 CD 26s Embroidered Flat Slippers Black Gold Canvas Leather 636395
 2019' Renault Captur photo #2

--

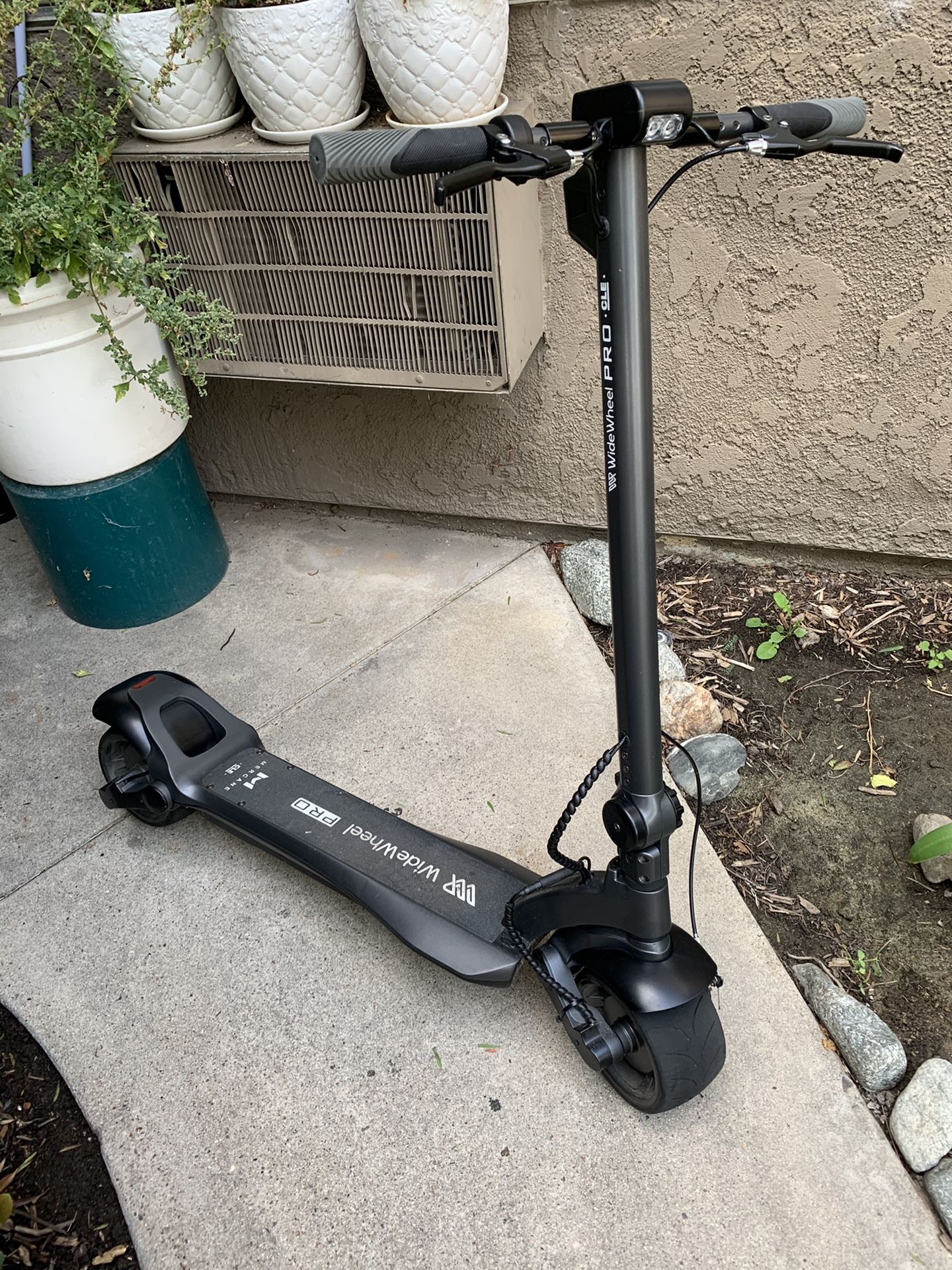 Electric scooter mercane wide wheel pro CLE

* * *

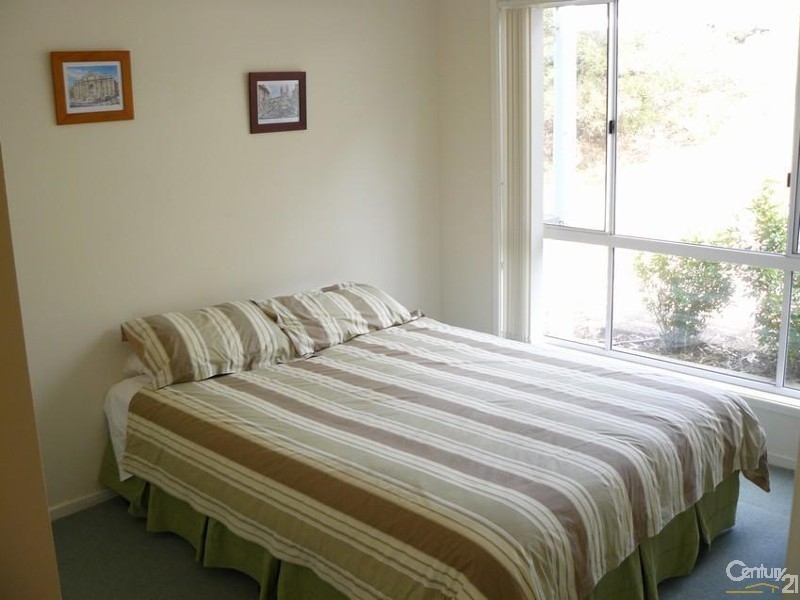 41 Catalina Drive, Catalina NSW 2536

**Work instructions**:
Would you retype the lines above from the one with "CD 26s Embroidered" down to the one with "2019' Renault Captur photo #2", word for word, both ends included and no other lines?

**The answer**:
 CD 26s Embroidered Flat Slippers Black Gold Canvas Leather 636395
 2019' Renault Captur photo #2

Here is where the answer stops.